Keywords: coding theory, root finding, decoding, fast algorithms
Prerequisites: 01405: Algebraic Coding Theory
In hardware implementations of BCH decoders, error location is bottleneck, i.e. finding the error-locator polynomial and afterwards, the roots of the error locator polynomial. In high-density optical transmission, one would like to be able to correct up to 5 errors as fast as possible. In this project we will consider the following question:
How can we perform decoding for a 5-error-correcting BCH code as fast as possible?
A strategy to answer this question is the following: To speed up finding the error-locator polynomial, one can precompute a so-called generic error-locator polynomial, i.e. one can find an expression containing the syndromes as additional variables, such that for each actual value of the syndromes one obtains the correct error-locator polynomial from the generic error-locator polynomial by substituting the syndrome values.

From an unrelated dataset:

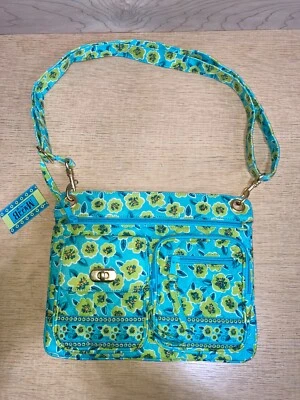 Bolso Bandolera MAGGI B French Country Acolchado Algodón Flor de Rosa Foto 1 de 4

Such expressions are too lengthy in general, but if the number of errors one needs to correct is modest this is more feasible.. To find the roots of the polynomial of degree 5, the strategy is to use suitably chosen transformations to bring any given polynomial in a standard form. Tricks similar (but algebraically more interesting) to completing the square are generalized and used for this purpose. Afterwards a strategy will be developed to solve the remaining standard cases, among others using table lookup for special cases.